→ Directions
For every entry that follows, return the words exactly and omit any picture.
____ Input data
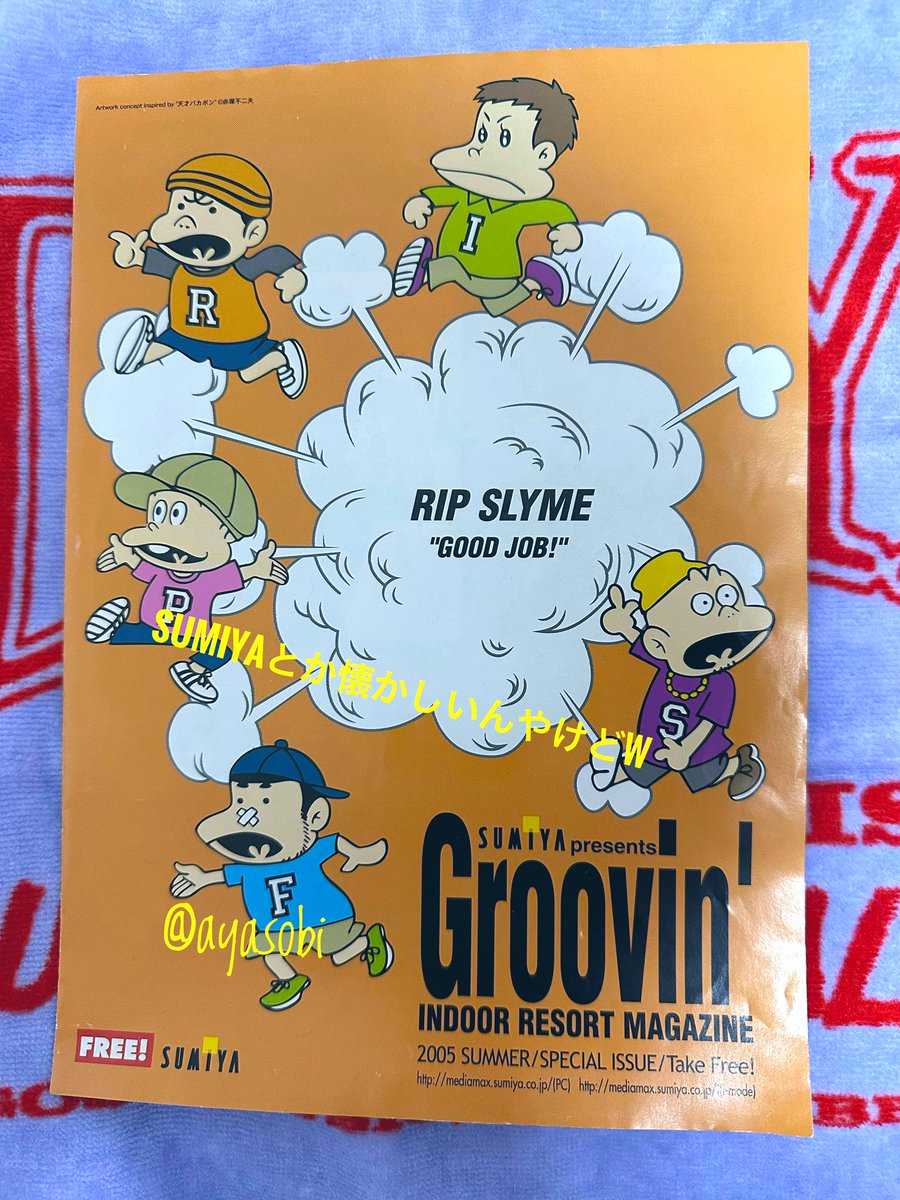 コレ残ってて嬉しい♡
←2025
→2005
SUMIYAとか めちゃ懐かしい💭

#RIPSLYME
________
→ Your response
 コレ残ってて嬉しい♡
←2025
→2005
SUMIYAとか めちゃ懐かしい💭

#RIPSLYME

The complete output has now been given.